Using the records that follow, reproduce exactly the lines starting at the line containing "Libros: San Francisco" and ending at the line containing "1999 Topps - Champ Bailey #354 (RC)". Include both end lines and no pictures.

▶ Supplied entries:
►
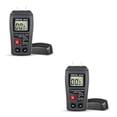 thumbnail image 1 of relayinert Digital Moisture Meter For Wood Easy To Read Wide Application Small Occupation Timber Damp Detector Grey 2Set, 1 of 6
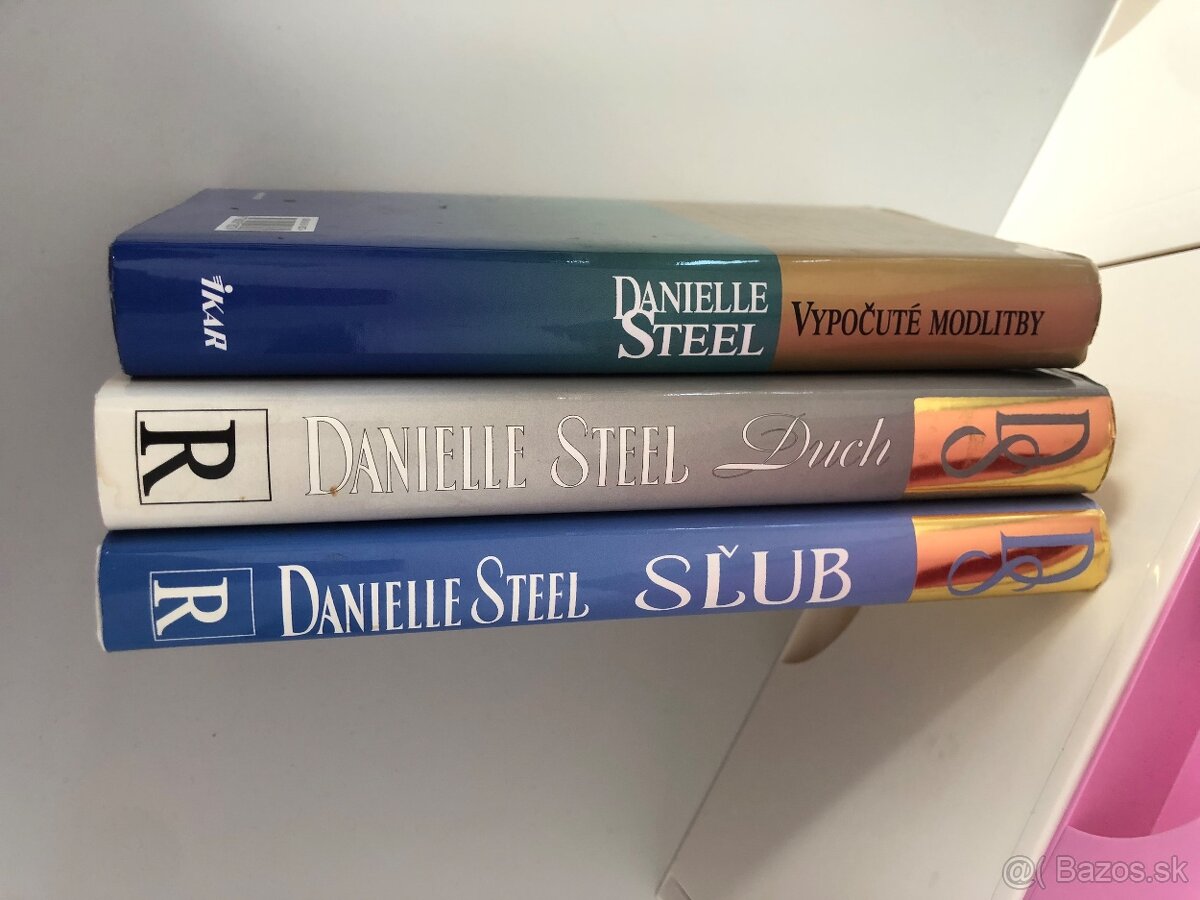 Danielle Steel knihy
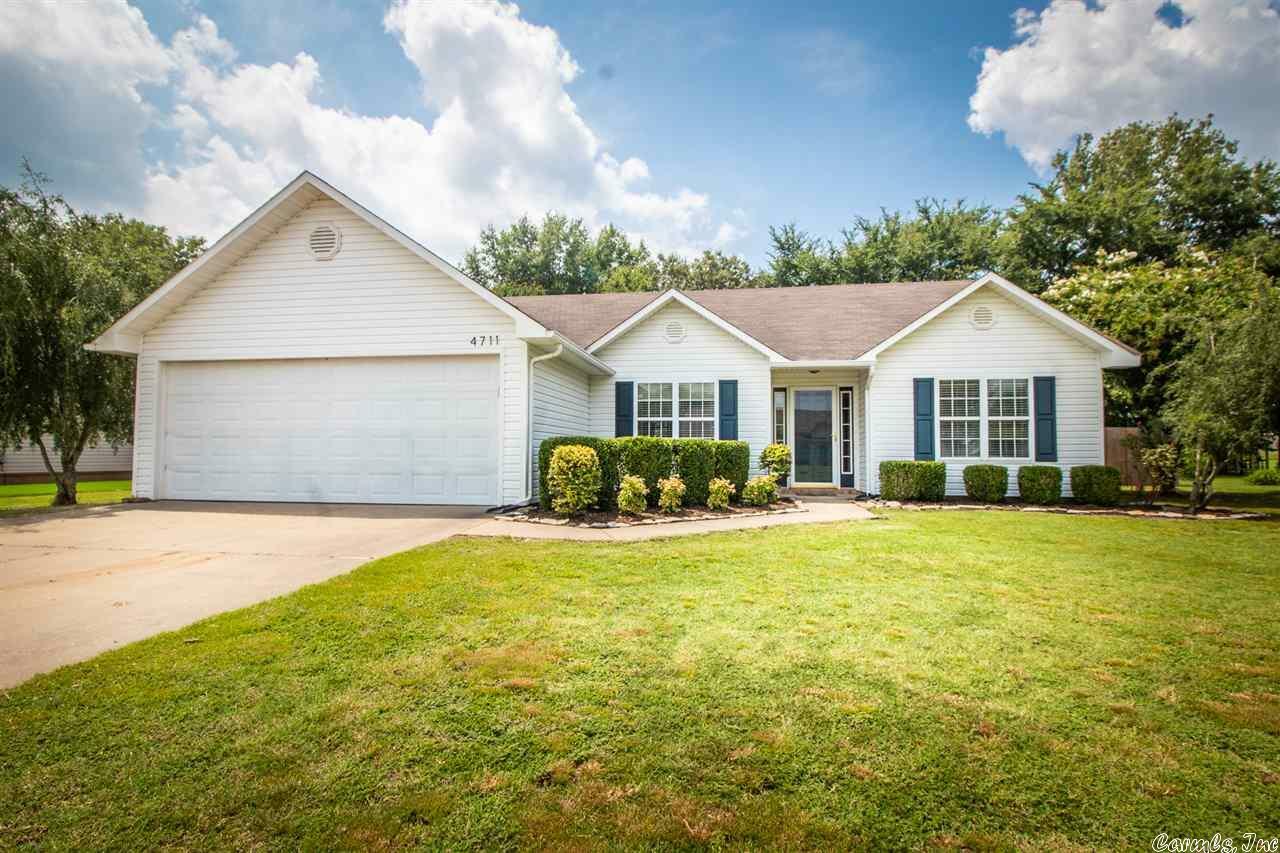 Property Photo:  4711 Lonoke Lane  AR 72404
◄
►
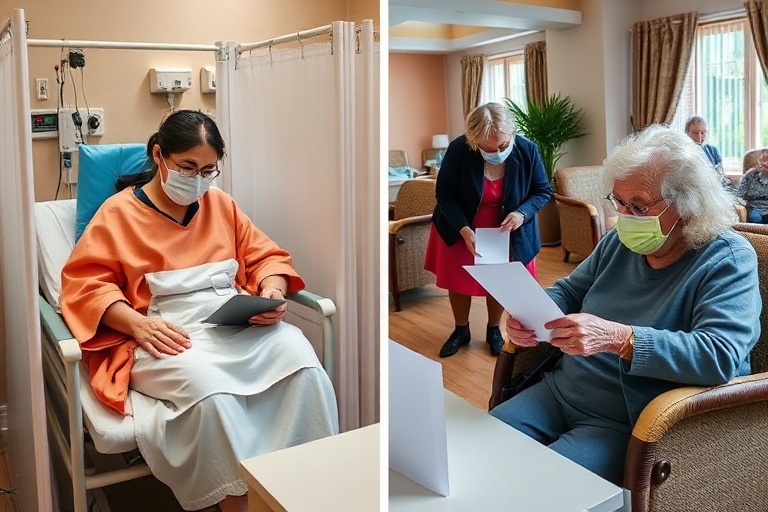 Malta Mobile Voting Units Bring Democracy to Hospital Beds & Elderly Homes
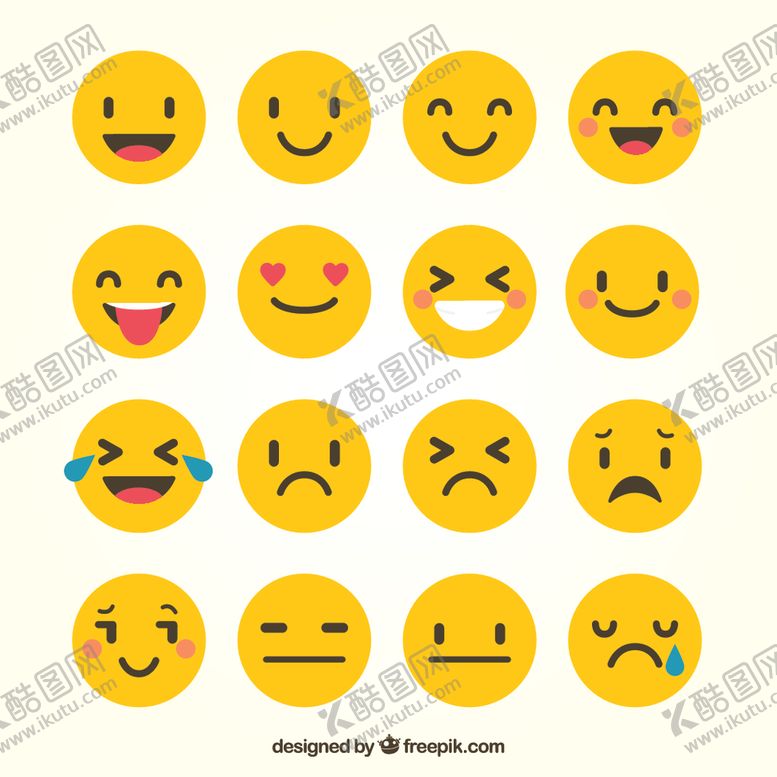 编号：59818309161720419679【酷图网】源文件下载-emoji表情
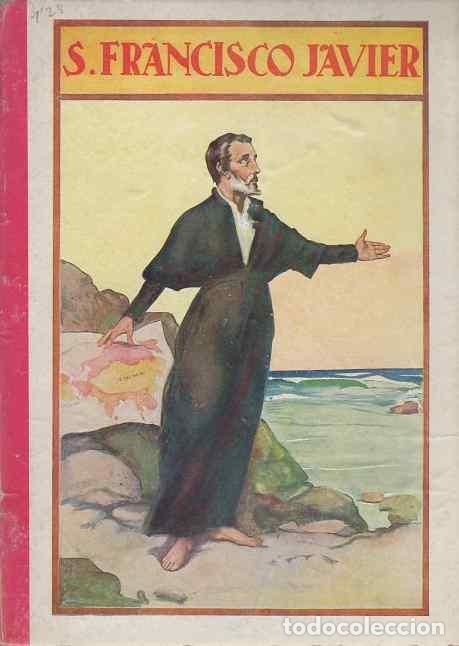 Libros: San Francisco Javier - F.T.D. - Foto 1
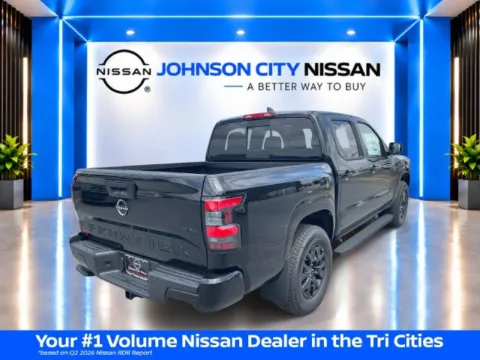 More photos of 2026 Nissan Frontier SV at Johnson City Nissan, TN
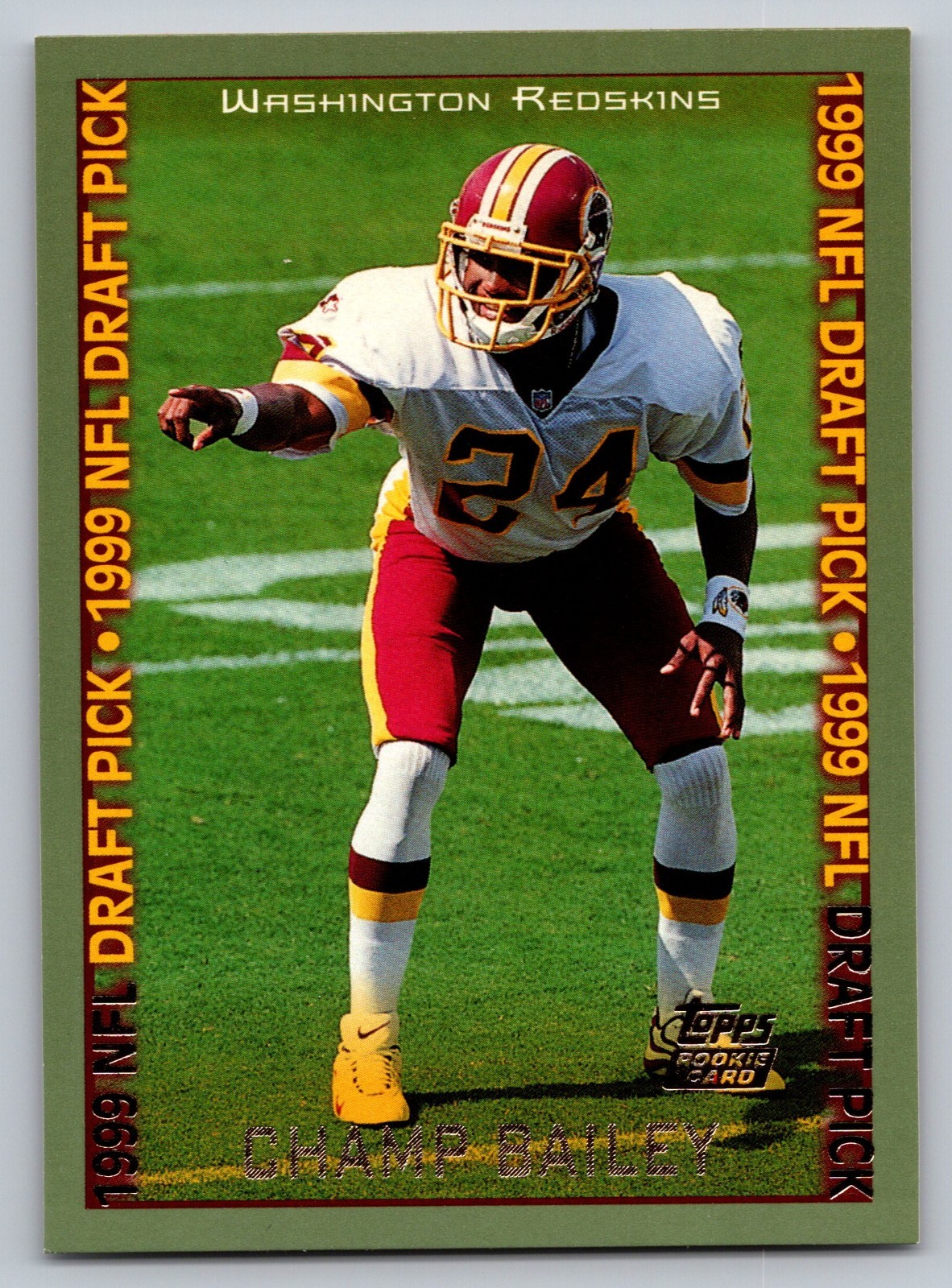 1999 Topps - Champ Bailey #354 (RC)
◄
▶ Task response:
 Libros: San Francisco Javier - F.T.D. - Foto 1
 More photos of 2026 Nissan Frontier SV at Johnson City Nissan, TN
 1999 Topps - Champ Bailey #354 (RC)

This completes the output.